Copy the lines below verbatim. Begin with the first and end with the line containing "Alpro Kokosnuss-Drink Original vegan 1l".

%%

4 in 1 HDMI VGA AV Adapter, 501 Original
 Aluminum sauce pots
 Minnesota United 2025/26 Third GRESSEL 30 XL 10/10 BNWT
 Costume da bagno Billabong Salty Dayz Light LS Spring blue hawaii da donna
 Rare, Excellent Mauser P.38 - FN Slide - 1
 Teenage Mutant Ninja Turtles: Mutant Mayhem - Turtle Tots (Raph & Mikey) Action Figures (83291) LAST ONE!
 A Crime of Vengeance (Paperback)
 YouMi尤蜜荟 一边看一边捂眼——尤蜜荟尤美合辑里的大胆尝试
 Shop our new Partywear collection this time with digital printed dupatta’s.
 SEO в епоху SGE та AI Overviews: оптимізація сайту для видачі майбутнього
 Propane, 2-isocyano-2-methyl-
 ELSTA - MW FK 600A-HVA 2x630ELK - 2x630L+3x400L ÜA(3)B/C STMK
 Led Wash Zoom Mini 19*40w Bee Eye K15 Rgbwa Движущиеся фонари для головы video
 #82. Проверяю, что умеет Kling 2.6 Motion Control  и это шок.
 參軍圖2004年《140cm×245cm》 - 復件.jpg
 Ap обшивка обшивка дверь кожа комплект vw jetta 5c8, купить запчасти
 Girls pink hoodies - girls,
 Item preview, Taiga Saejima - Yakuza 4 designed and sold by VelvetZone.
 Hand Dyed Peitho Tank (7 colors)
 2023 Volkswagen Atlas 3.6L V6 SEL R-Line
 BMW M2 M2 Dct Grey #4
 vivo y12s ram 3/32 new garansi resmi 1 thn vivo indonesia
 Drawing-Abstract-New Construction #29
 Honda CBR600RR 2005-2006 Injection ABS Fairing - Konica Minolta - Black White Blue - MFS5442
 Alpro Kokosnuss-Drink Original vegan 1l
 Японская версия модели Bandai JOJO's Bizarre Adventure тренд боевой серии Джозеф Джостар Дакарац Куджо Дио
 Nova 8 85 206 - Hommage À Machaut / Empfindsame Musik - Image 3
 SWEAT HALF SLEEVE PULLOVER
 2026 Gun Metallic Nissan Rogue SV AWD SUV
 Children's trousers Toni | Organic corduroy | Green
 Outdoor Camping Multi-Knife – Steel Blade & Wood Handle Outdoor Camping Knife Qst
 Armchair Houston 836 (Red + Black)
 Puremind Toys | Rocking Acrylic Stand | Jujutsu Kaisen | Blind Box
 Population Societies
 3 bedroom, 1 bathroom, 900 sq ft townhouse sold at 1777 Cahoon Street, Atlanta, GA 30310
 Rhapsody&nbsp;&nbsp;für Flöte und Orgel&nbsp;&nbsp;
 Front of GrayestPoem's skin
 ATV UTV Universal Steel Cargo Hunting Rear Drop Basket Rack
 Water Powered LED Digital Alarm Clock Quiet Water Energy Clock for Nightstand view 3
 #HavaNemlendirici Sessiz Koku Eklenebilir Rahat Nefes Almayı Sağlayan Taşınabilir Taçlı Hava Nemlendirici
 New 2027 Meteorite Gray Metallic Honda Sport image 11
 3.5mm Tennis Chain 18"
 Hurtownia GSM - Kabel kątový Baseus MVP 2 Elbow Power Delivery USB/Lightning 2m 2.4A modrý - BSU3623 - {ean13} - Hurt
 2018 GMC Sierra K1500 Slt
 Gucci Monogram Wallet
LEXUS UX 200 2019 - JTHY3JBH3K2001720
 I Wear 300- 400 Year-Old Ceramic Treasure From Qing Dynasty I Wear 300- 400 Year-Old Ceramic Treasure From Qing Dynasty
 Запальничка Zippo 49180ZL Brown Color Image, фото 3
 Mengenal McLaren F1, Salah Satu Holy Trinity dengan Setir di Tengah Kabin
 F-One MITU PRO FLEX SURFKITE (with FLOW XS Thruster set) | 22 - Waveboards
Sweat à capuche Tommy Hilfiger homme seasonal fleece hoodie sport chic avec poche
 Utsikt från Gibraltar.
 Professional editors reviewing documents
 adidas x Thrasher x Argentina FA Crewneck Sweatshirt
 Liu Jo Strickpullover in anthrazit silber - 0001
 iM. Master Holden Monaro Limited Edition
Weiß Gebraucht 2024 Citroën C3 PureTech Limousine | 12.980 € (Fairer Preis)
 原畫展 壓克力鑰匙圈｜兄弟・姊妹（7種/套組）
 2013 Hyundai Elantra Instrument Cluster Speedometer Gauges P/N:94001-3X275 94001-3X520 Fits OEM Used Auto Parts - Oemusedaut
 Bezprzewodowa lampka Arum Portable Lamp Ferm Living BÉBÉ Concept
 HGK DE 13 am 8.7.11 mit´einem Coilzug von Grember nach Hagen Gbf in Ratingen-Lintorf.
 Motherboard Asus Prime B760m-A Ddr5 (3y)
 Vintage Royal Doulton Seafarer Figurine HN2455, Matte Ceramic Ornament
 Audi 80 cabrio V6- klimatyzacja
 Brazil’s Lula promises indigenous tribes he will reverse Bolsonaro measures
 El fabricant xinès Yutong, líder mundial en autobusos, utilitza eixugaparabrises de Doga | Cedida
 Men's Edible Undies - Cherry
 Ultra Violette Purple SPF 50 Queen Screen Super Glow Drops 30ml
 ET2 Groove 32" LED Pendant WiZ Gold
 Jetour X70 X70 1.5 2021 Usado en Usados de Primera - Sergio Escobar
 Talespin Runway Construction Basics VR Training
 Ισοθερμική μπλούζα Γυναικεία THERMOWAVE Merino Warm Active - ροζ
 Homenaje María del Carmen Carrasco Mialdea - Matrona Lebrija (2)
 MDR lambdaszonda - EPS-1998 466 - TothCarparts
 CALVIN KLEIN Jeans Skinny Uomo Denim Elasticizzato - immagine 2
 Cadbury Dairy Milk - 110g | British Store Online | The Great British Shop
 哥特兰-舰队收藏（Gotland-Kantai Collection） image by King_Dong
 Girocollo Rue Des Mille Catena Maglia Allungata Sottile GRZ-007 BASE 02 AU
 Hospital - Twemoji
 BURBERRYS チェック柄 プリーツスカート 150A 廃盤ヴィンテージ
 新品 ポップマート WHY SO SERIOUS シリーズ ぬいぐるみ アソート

%%

● **EXERCISE RESPONSE**
4 in 1 HDMI VGA AV Adapter, 501 Original
 Aluminum sauce pots
 Minnesota United 2025/26 Third GRESSEL 30 XL 10/10 BNWT
 Costume da bagno Billabong Salty Dayz Light LS Spring blue hawaii da donna
 Rare, Excellent Mauser P.38 - FN Slide - 1
 Teenage Mutant Ninja Turtles: Mutant Mayhem - Turtle Tots (Raph & Mikey) Action Figures (83291) LAST ONE!
 A Crime of Vengeance (Paperback)
 YouMi尤蜜荟 一边看一边捂眼——尤蜜荟尤美合辑里的大胆尝试
 Shop our new Partywear collection this time with digital printed dupatta’s.
 SEO в епоху SGE та AI Overviews: оптимізація сайту для видачі майбутнього
 Propane, 2-isocyano-2-methyl-
 ELSTA - MW FK 600A-HVA 2x630ELK - 2x630L+3x400L ÜA(3)B/C STMK
 Led Wash Zoom Mini 19*40w Bee Eye K15 Rgbwa Движущиеся фонари для головы video
 #82. Проверяю, что умеет Kling 2.6 Motion Control  и это шок.
 參軍圖2004年《140cm×245cm》 - 復件.jpg
 Ap обшивка обшивка дверь кожа комплект vw jetta 5c8, купить запчасти
 Girls pink hoodies - girls,
 Item preview, Taiga Saejima - Yakuza 4 designed and sold by VelvetZone.
 Hand Dyed Peitho Tank (7 colors)
 2023 Volkswagen Atlas 3.6L V6 SEL R-Line
 BMW M2 M2 Dct Grey #4
 vivo y12s ram 3/32 new garansi resmi 1 thn vivo indonesia
 Drawing-Abstract-New Construction #29
 Honda CBR600RR 2005-2006 Injection ABS Fairing - Konica Minolta - Black White Blue - MFS5442
 Alpro Kokosnuss-Drink Original vegan 1l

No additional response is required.